Aim of the exercise: Your output should be an exact copy of the records, with no pictures in it.
Information shown below:
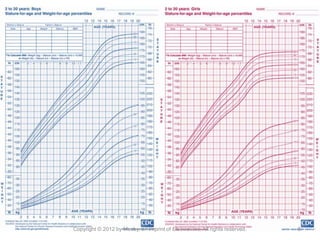 Copyright © 2012 by Mosby, an imprint of Elsevier Inc. All rights reserved. 8
 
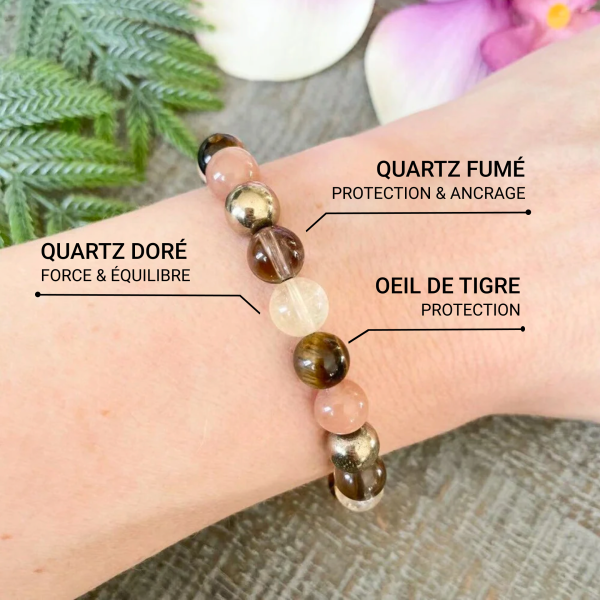 Bracelet "Énergie Solaire" en Quartz Fumé, Oeil de Tigre & Quartz Rutile Doré – Image 2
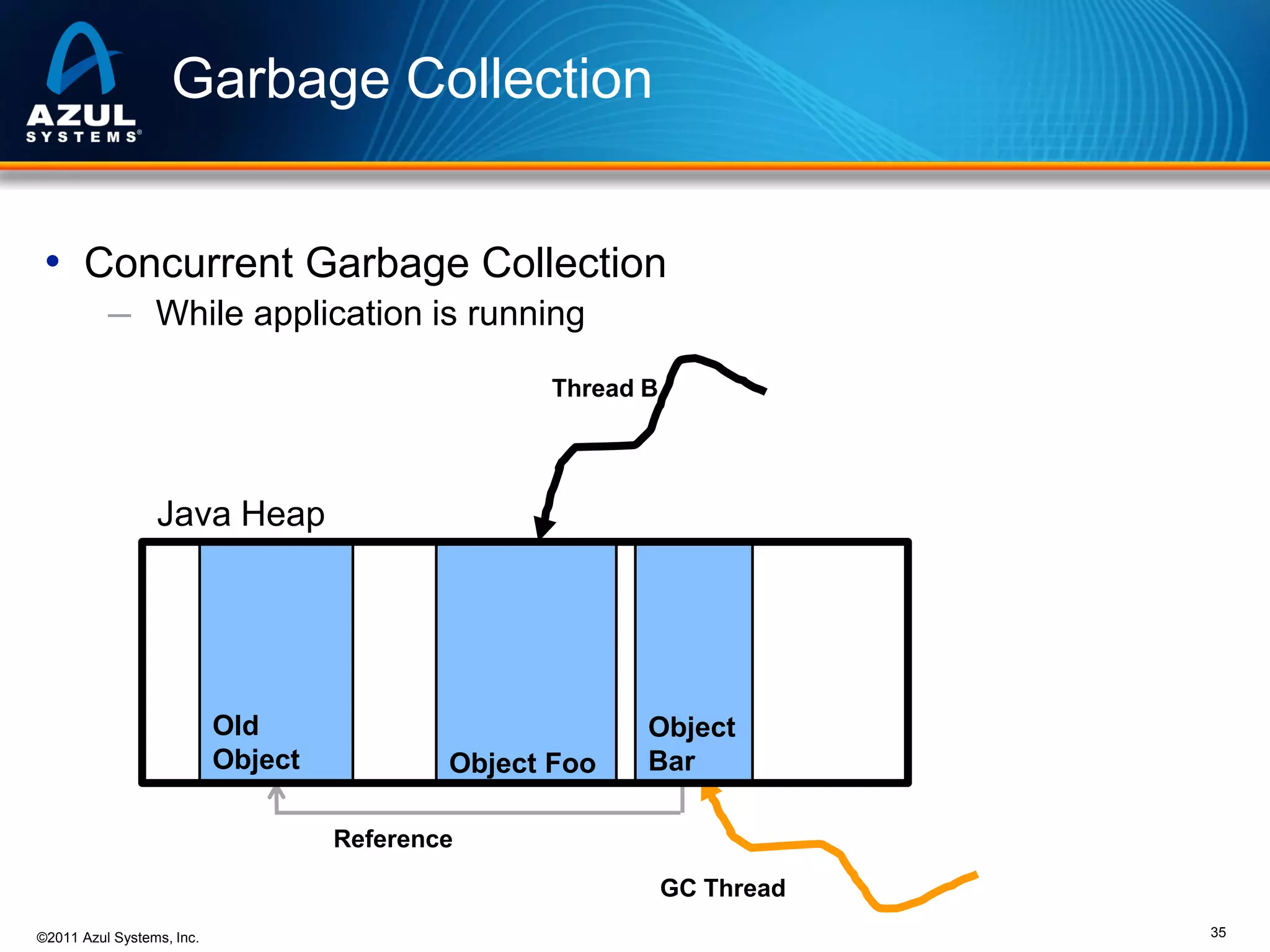 Garbage Collection
• Concurrent Garbage Collection
─ While application is running
Thread B

Java Heap

Old
Object

Object Foo

Object
Bar

Reference
GC Thread
©2011 Azul Systems, Inc.

35

 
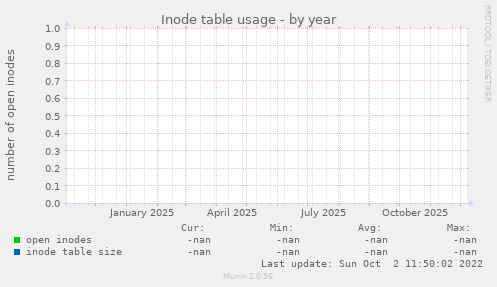 Inode table usage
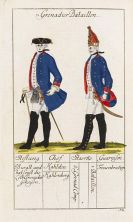 Schmalen, Johann Christian Hermann von - Accurate Vorstellung der sämtlichen Königlich Preussischen Armee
End of Information shown.
Answer box:
 Copyright © 2012 by Mosby, an imprint of Elsevier Inc. All rights reserved. 8
 
 Bracelet "Énergie Solaire" en Quartz Fumé, Oeil de Tigre & Quartz Rutile Doré – Image 2
 Garbage Collection
• Concurrent Garbage Collection
─ While application is running
Thread B

Java Heap

Old
Object

Object Foo

Object
Bar

Reference
GC Thread
©2011 Azul Systems, Inc.

35

 
 Inode table usage
 Schmalen, Johann Christian Hermann von - Accurate Vorstellung der sämtlichen Königlich Preussischen Armee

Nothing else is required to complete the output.